Algo huele a podrido en Barcelona, pero que nadie se escandalice por ello más de la cuenta. Lo verdaderamente escandaloso no son las denuncias falsas, las vejaciones gratuitas infligidas a los detenidos o la saña criminal de los “protocolos de actuación” de los verdugos uniformados; mucho menos, la complicidad y el encubrimiento de los políticos, las coacciones a los testigos, la desestimación de pruebas y los procesos judiciales sin garantías. Lo indignante es que todo este universo kafkiano forma parte de la normalidad ciudadana. A día de hoy, tal tipo de conductas es normal, está legitimado, puesto que para los responsables de tanto atropello es la única forma de garantizar con eficacia el mantenimiento del orden establecido a escala municipal.
Las revueltas ocurren cuando los gobernantes pierden toda credibilidad y su autoridad no inspira respeto a quienes gobiernan. Es así de sencillo. En tal situación, aunque la gente obedezca por costumbre, el Poder se sabe frágil; no le basta con disponer de un cuerpo político y judicial sin fisuras para aplastar el menor atisbo de vida independiente, sino que necesita un espacio público domesticado donde el trapicheo ambulante, la fiesta autónoma (que no era precisamente el caso de la “Anarco Peña Cultural”), la deriva opaca y sobre todo la libertad pública -ese gusto por hablar, discutir, respirar y actuar- no puedan ni siquiera asomar. Los dirigentes conciben a los súbditos díscolos como amenaza, o sea, como un “enemigo” capaz de colarse por cualquier resquicio. La naturaleza de dicho enemigo resulta fácil de elucidar con sólo mirar a las víctimas del celo policial: indigentes, inmigrantes, jóvenes “de estética okupa”, manifestantes, miembros de piquetes de huelga, y, en general, cualquiera que se cruce en el camino de los mercenarios del orden “cívico”.

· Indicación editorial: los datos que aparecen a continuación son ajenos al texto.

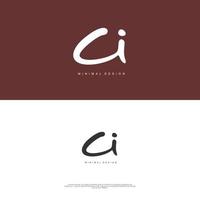 CI Initial handwriting or handwritten logo for identity. Logo with signature and hand drawn style. vector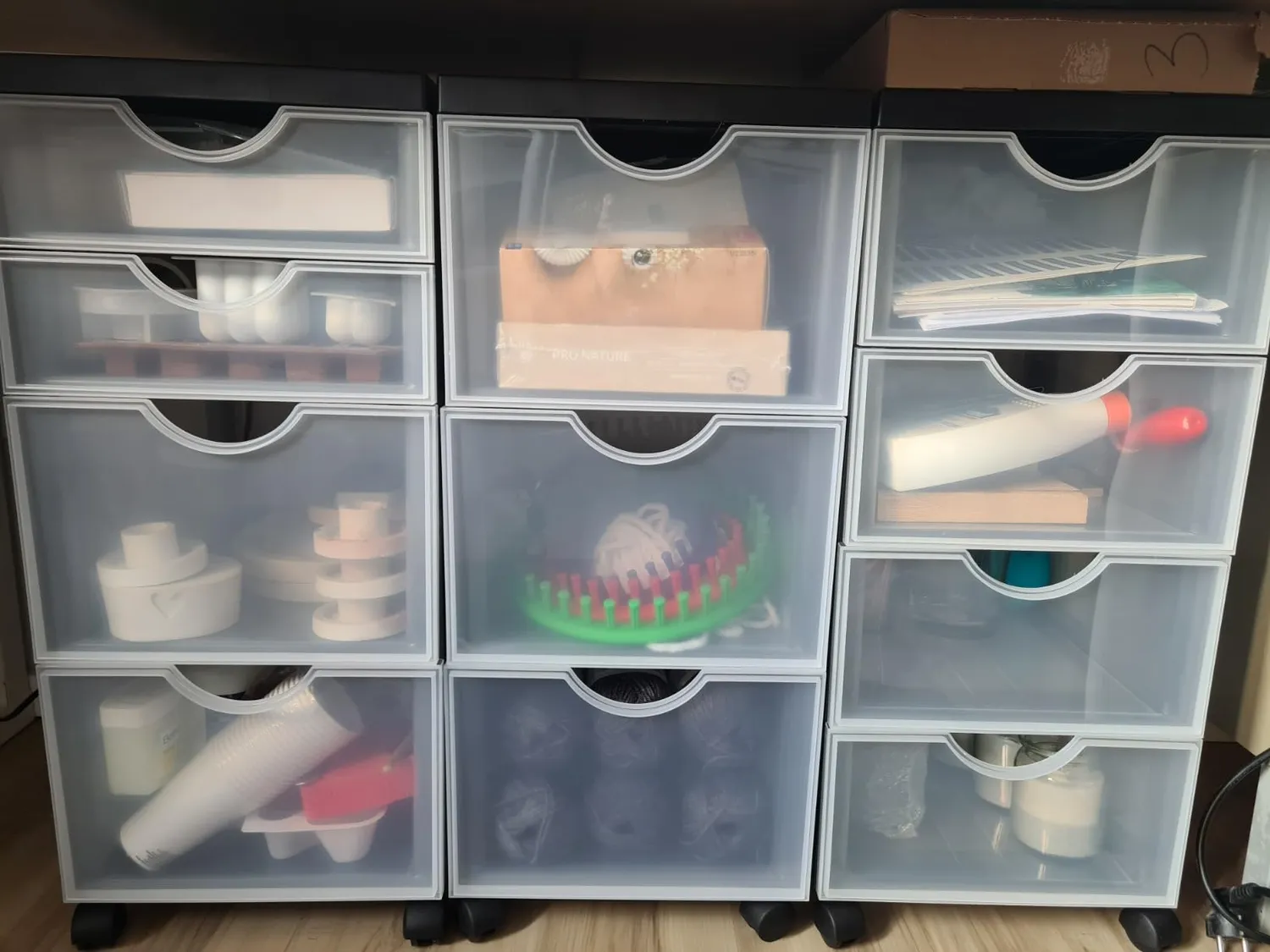 Iris Ohyama DDDC-380 Schubladenbox Weiß 8 Schubladen H81cm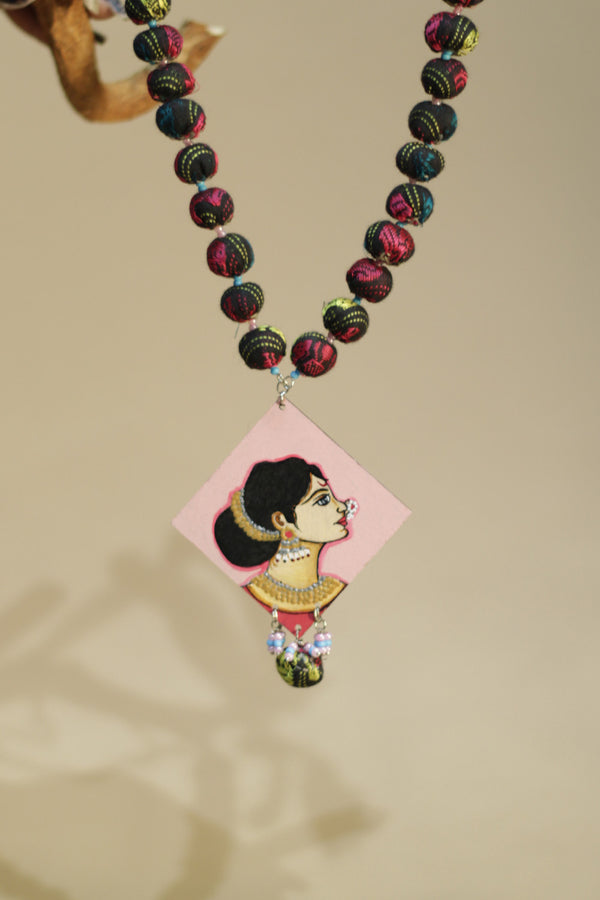 Rangili | Chindi beads necklace | Handpainted Pendant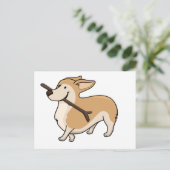 corgi cartoon w stick briefkaart (Staand voorkant)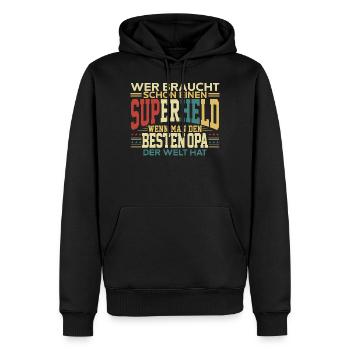 Bester Opa der Welt Großvater Herren - Männer Premium Bio Hoodie - Schwarz - Vorne - Nico (187cm)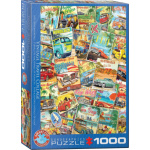 EUROGRAPHICS Puzzle Retro cestovatelská koláž 1000 dílků 140764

Esas figuras del enemigo público han relevado a las del “desafecto”, “ateo”, “comunista” o “anarquista”, mediante las cuales la pasada dictadura de Franco exorcizaba a sus oponentes y justificaba una represión implacable. El régimen partitocrático nacido de la reconversión pactada de la dictadura no modificó un ápice la relación hostil entre gobernantes y gobernados; tampoco derogó la legislación punitiva anterior, ni purgó sus aparatos policial y judicial. La “peligrosidad social”, que caracterizaba al “enemigo”, se encarnó a su vez en el “terrorista”, el “traficante”, el “delincuente habitual” y, finalmente, en el “antisistema”, legitimando así una involución legal que suprimía derechos y permitía el acoso policial en nombre de los “valores democráticos” y la “seguridad ciudadana”. De modo semejante, la dictadura lo había hecho en nombre de la “paz”, la “religión” y el “orden público”. La partitocracia no había desarrollado instituciones capaces de integrar la protesta social, ni había conseguido que los colectivos disidentes se dejaran instrumentalizar o corromper, por lo que la cuestión social -la condición humana bajo un capitalismo en constante reestructuración- se iba contemplando desde la perspectiva dirigente como una cuestión de orden.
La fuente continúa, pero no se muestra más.